I don't know if I am missing something very obvious here or not, but I am having trouble getting the desired results format for a count. These are all yes, no or NA answers to a question.
My data looks a bit like:
df <- read.table(text = " A B C
0 NA 1
1 0 NA
0 1 0
NA NA 1
0 0 1
1 0 NA
0 1 NA ", header = TRUE)
df %>%
group_by(A, B, C)%>%
summarise(count = n())
I have also tried
count(A, B, C)
with exactly the same results.
I want to count the total number of 0, 1 and NA responses for each column: (rows and columns are interchangeable here, it's the count of response v column format of the table that I'm after.)
Response 0 1 NA
Column A 4 2 1
Column B 3 2 2
Column C 1 3 3
What I am getting instead is
A B C n
0 0 1 1
0 1 0 1
0 1 NA 1
0 NA 1 1
1 0 NA 2
NA NA 1 1
In other words, it's counting the number of times each unique combination of ABC appears. How do I get it to focus on counting the columns and not the rows?
CodePudding user response:
You can apply the table()
function across the columns:
df <- read.table(text = " A B C
0 NA 1
1 0 NA
0 1 0
NA NA 1
0 0 1
1 0 NA
0 1 NA ", header = TRUE)
t(apply(df, 2,table, useNA = "always"))
#> 0 1 <NA>
#> A 4 2 1
#> B 3 2 2
#> C 1 3 3
Created on 2022-08-05 by the reprex package (v2.0.1)

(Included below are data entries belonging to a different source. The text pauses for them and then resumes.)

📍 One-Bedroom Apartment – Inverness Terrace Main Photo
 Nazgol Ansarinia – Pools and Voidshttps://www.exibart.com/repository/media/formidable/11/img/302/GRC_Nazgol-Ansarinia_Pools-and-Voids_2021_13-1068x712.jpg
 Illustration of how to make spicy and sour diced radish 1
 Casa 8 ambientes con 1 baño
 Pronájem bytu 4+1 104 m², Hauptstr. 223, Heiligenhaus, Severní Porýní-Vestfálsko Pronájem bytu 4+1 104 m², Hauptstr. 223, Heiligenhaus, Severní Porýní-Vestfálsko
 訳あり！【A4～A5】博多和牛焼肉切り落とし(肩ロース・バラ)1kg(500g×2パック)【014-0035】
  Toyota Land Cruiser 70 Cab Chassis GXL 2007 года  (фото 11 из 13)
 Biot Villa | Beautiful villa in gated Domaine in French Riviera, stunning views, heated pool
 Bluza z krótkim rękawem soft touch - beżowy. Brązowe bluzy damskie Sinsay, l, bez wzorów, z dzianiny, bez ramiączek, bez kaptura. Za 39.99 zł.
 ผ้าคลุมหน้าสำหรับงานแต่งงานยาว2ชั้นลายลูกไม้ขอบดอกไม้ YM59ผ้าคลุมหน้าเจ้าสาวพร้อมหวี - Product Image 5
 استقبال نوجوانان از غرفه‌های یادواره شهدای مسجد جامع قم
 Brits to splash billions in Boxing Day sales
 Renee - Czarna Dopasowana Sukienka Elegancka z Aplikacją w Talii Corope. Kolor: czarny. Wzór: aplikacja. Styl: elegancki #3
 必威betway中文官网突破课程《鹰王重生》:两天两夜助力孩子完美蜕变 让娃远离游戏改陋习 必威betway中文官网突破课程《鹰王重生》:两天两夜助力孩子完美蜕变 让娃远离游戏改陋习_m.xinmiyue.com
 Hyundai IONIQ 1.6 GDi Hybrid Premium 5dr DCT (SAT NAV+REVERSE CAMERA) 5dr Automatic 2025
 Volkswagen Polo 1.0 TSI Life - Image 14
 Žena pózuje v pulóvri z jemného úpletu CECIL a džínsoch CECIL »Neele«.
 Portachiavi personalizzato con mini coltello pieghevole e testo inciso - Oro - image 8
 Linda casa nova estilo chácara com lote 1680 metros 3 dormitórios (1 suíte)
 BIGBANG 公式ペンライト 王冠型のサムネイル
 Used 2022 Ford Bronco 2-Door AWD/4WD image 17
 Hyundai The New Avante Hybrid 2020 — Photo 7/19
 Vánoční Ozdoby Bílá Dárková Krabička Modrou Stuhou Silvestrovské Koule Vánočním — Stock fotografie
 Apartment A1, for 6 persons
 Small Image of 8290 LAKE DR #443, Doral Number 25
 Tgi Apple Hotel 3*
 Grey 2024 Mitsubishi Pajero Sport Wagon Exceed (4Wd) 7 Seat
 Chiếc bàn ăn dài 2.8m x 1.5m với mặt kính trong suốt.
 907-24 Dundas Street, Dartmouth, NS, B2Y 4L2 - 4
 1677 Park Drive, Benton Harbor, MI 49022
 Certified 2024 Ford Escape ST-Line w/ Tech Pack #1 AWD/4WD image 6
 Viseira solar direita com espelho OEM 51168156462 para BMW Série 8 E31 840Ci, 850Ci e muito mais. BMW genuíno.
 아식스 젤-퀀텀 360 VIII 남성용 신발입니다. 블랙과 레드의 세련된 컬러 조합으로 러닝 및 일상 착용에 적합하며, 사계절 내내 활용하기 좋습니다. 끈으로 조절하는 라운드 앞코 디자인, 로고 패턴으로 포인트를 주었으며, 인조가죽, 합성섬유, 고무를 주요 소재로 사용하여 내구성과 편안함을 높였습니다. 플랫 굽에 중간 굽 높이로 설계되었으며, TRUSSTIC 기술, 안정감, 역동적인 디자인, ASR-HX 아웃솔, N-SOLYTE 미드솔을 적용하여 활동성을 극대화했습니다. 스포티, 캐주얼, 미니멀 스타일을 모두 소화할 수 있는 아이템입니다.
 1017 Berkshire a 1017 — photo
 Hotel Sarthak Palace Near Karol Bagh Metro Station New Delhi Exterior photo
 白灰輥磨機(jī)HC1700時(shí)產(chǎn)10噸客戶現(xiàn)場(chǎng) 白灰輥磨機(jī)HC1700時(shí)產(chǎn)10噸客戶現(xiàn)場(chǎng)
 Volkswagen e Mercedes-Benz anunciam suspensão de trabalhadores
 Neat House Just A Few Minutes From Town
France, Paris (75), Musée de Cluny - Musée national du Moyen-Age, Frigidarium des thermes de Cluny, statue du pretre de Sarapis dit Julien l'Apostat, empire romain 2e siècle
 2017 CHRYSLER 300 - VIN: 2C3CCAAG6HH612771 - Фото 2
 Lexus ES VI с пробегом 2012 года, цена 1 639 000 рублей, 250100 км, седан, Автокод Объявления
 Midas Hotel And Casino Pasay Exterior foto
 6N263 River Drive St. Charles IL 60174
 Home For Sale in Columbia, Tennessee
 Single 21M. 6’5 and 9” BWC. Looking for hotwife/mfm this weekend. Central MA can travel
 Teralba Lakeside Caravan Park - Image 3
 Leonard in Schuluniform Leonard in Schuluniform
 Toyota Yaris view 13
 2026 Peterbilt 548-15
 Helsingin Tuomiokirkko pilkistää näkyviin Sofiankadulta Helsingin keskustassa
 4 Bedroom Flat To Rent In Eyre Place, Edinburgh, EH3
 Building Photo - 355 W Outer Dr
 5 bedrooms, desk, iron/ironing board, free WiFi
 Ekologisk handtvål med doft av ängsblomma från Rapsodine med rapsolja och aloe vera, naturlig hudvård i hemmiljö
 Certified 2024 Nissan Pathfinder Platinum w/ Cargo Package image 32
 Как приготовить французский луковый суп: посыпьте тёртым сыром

One alternate tidyverse solution would be the following:
library(tidyverse)
df <- read.table(text = " A B C
0 NA 1
1 0 NA
0 1 0
NA NA 1
0 0 1
1 0 NA
0 1 NA ", header = TRUE)
x <- df %>%
mutate(across(everything(), ~fct_explicit_na(as.factor(.x),"NA"))) %>%
map(., ~c(table(.x))) %>%
bind_rows(.id = 'Response')
x
#> # A tibble: 3 × 4
#> Response `0` `1` `NA`
#> <chr> <int> <int> <int>
#> 1 A 4 2 1
#> 2 B 3 2 2
#> 3 C 1 3 3
Created on 2022-08-05 by the reprex package (v2.0.1)
CodePudding user response:
I guess it might need some data re-shaping if you want to use dplyr::n()
.
First transform df
into a "long" format, you'll get a two-column dataframe, from which we can group by everything (group_by_all()
) and do your summarize(n())
. Finally, transform it back to a "wide" format.
library(tidyverse)
df %>% pivot_longer(everything(), names_to = "Response") %>%
group_by_all() %>%
summarize(n = n()) %>%
pivot_wider(names_from = "value", values_from = "n")
# A tibble: 3 × 4
# Groups: Response [3]
Response `0` `1` `NA`
<chr> <int> <int> <int>
1 A 4 2 1
2 B 3 2 2
3 C 1 3 3
CodePudding user response:
Using table
and stack
you can try:
t(table(stack(df), useNA = "ifany"))
Output
values
ind 0 1 <NA>
A 4 2 1
B 3 2 2
C 1 3 3
CodePudding user response:
If you find yourself wanting to apply the same operation to multiple columns in your data it could be a hint that you should reshape your data to a "longer" format, such that each row represents a single observation. Once your data is in this format you can use table()
to get the summary you're after:
df_tidy <-
df %>%
pivot_longer(cols = everything(), names_to = "group", values_to = "response")
print(df_tidy)
#> # A tibble: 21 x 2
#> group response
#> <chr> <int>
#> 1 A 0
#> 2 B NA
#> 3 C 1
#> 4 A 1
#> 5 B 0
#> 6 C NA
#> 7 A 0
#> 8 B 1
#> 9 C 0
#> 10 A NA
#> # … with 11 more rows
table(df_tidy, useNA = "ifany")
#> response
#> group 0 1 <NA>
#> A 4 2 1
#> B 3 2 2
#> C 1 3 3